** Work required **
Starting at the first line of the data, please print exactly those lines through the one that holds "小0福音，菊花保养指南！！！ - 51虹马", omitting every picture.

** Excerpted data **
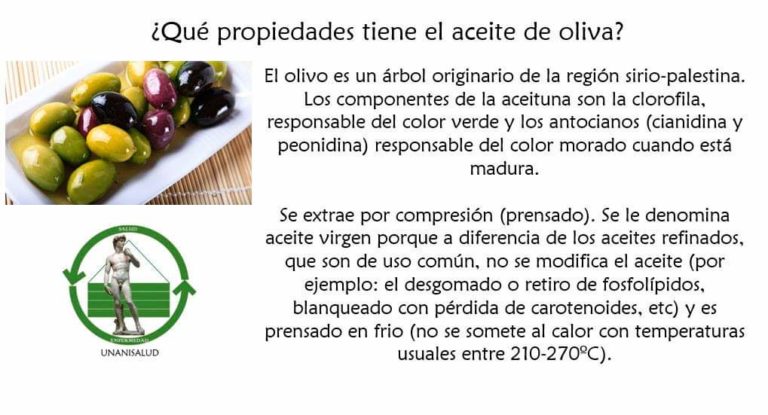 Read more about the article ¿Qué propiedades tiene el aceite de oliva?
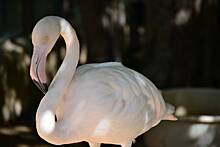 В удмуртском зоопарке поселился спасенный в другом регионе фламинго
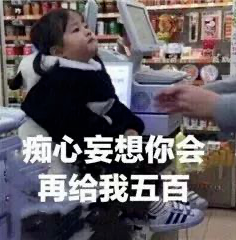 小0福音，菊花保养指南！！！ - 51虹马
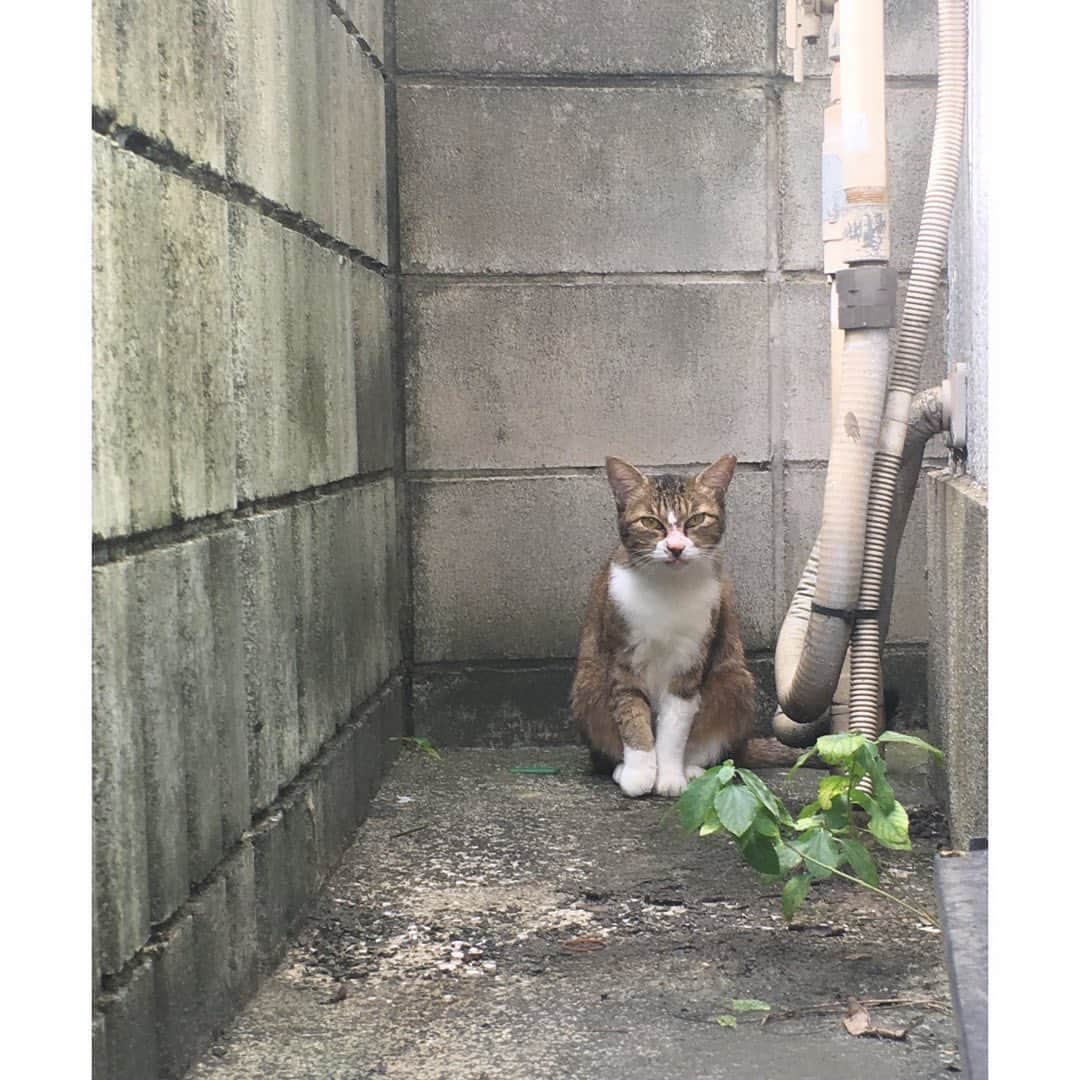 砂川一黄さんのインスタグラム写真 - (砂川一黄Instagram)「忙しさに追われて、気付けば2週間も経ってた  忙しくて忘れている時は良いけど、ふとした日常の中で、扉を開ける時向こうに居ないか気を付けて開けたり、椅子のキャスターを動かす時踏まないよう近くに居ないか確認してから動かしたり、そういう動作を無意識にやっちゃうんだけど、そこにもうあの子は居なくて、それに気付いて胸が苦しくなる  最後の半年間は元気な時もあったけど、全く食べない期間が増えて、徐々に弱ってガリガリに痩せ、毎日強制給餌をしたり投薬をしたり点滴を打ったり  元々野良猫として生きてきたから、延命をする事がこの子にとって望ましいのかどうなのか、たくさん悩んだ それでも一年前に死にかけた時、強制給餌や投薬で元気に戻ってくれたから、どうにかまた元気に戻って欲しいと希望を持って続けた 毎日の強制給餌は本当に苦しかったと思う それでも一度も怒らず嫌わず、側にいてくれた 本当に優しい子だった 一生懸命最後まで生きてくれた だからゆっくり休んで欲しいなと思う  ある時ベランダに突然現れて、声を掛けて、時間を掛けて、徐々に懐いてくれて、それからはずっと一緒だった これは運命だと思ったし、今でもそう思う 一緒に過ごしたのは2年間だったけど、自分にとっては人生で一番幸せな2年間だった 沢山の幸せをありがとう 貰った幸せな時間を糧に、こらからの日々を頑張ろうと思う」10月17日 16時03分 - sunagawa_cnr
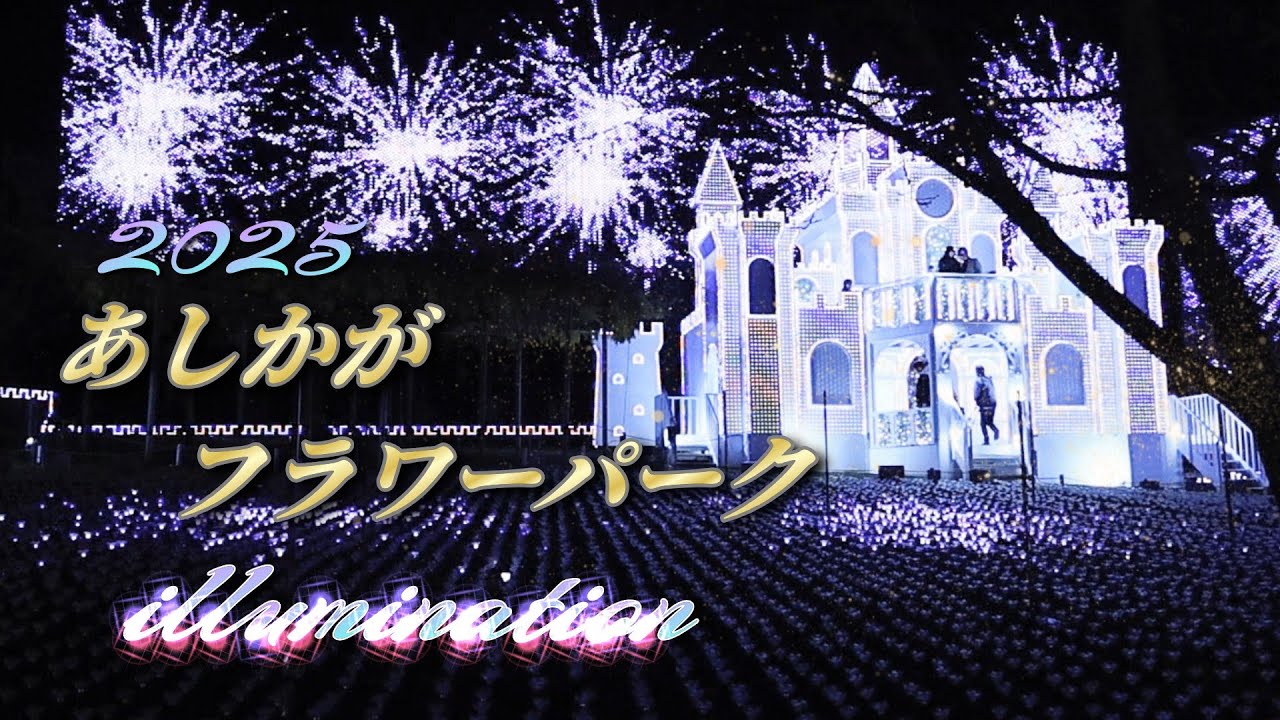 【足利フラワーパーク イルミネーション2025】2025年12月3日 撮影 4K　栃木県足利市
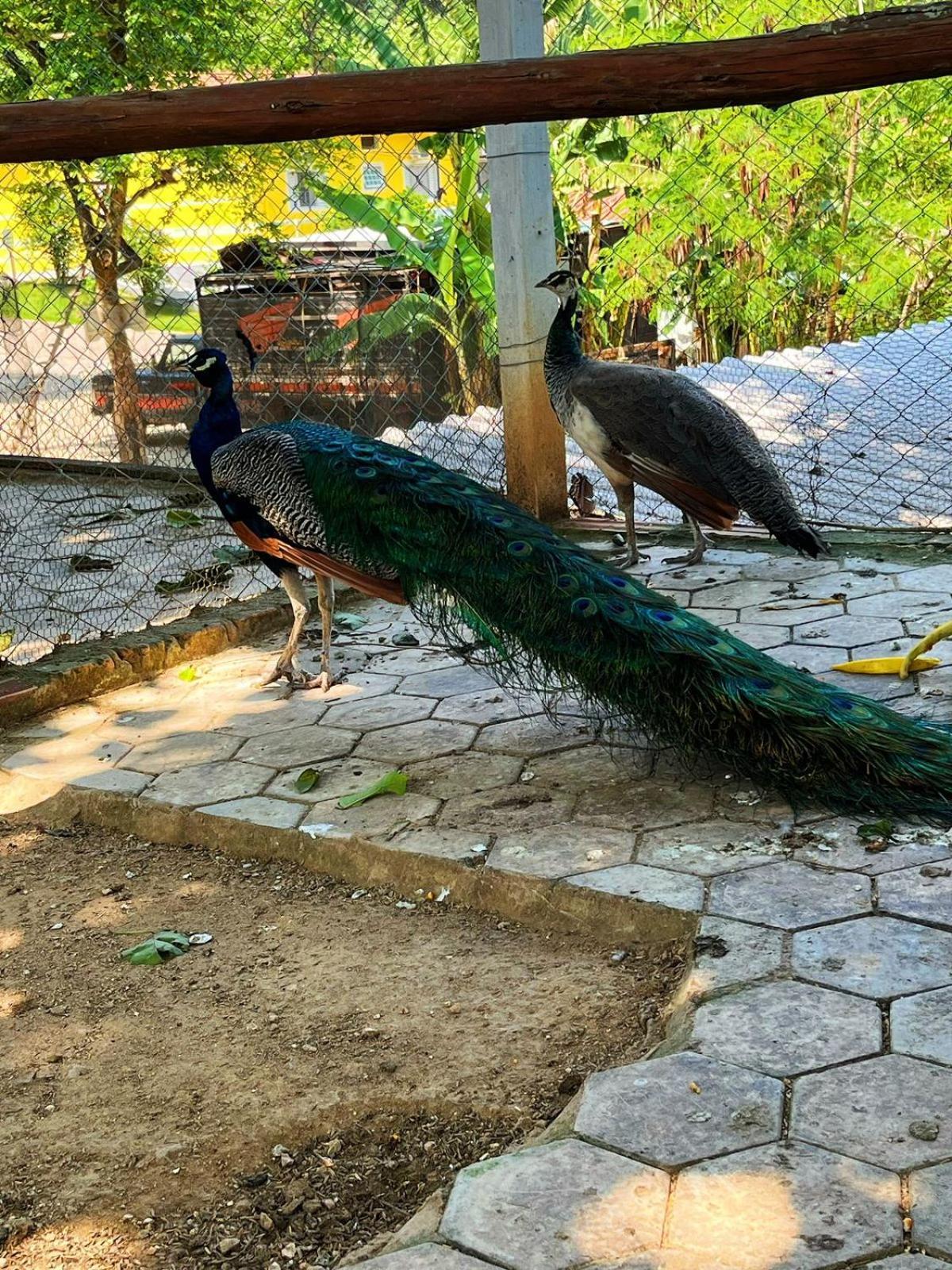 Pousada Jovimar Aparecida  Luaran gambar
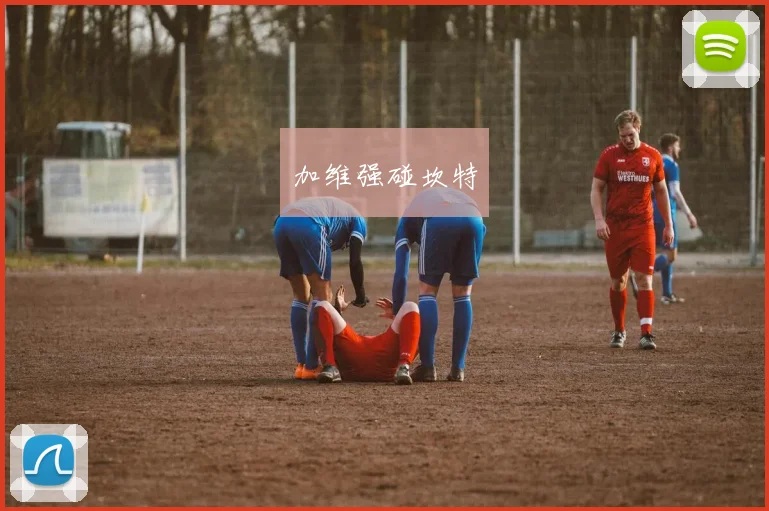 加维强碰坎特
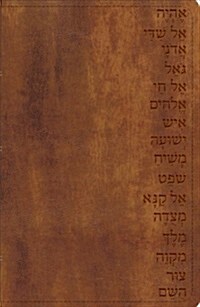 Names of God Bible-GW-Hebrew Name Design (Imitation Leather)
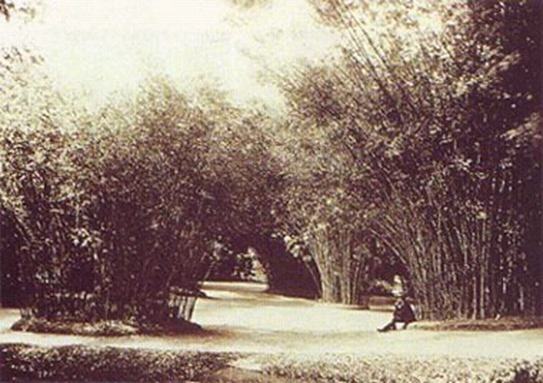 Jardim Botânico do Rio de Janeiro em 1890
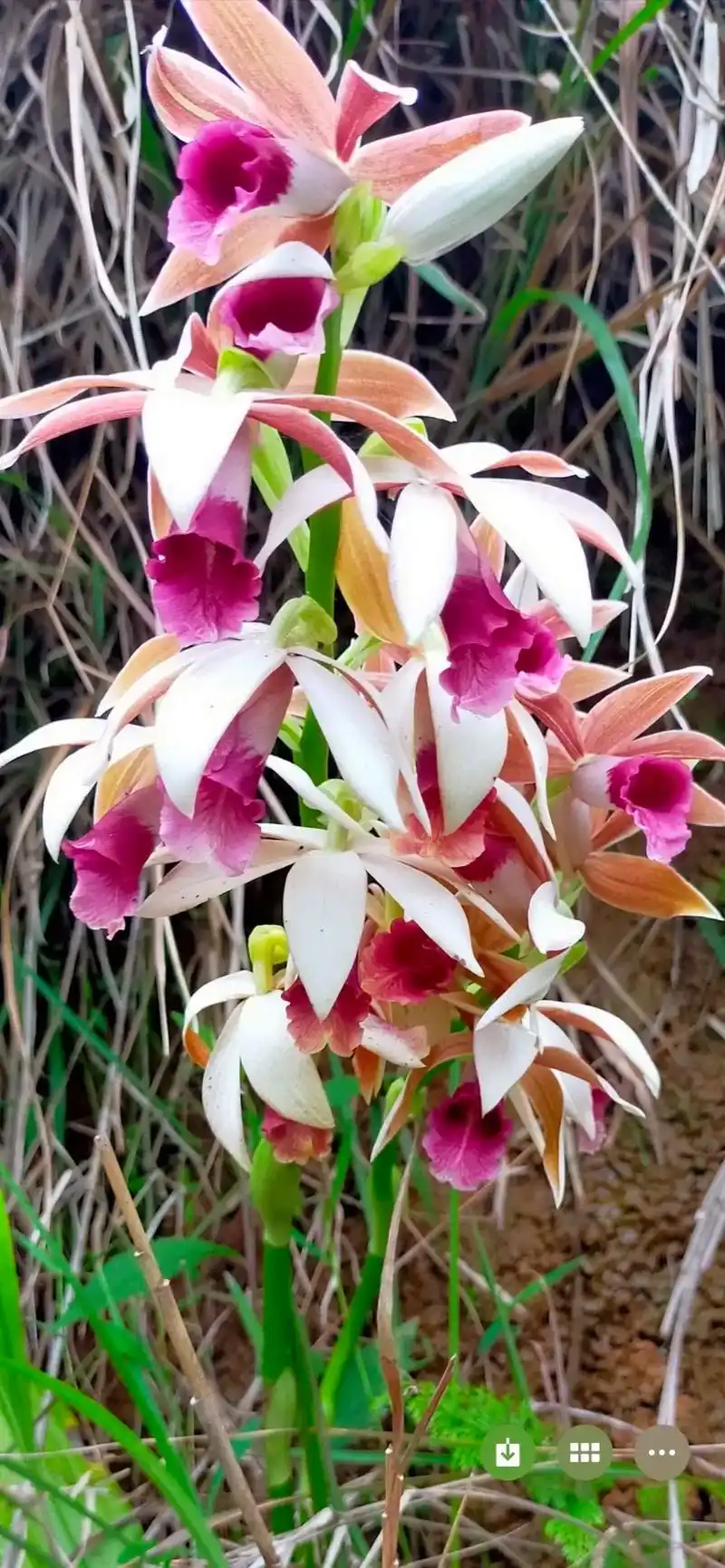 大山深处自然美山清水秀好风光 野生兰花 #精品兰花 - 抖音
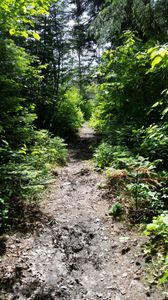 11 rod portage Range River to Sandpit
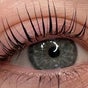 AR Lashes and Brows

** Task result **
 Read more about the article ¿Qué propiedades tiene el aceite de oliva?
 В удмуртском зоопарке поселился спасенный в другом регионе фламинго
 小0福音，菊花保养指南！！！ - 51虹马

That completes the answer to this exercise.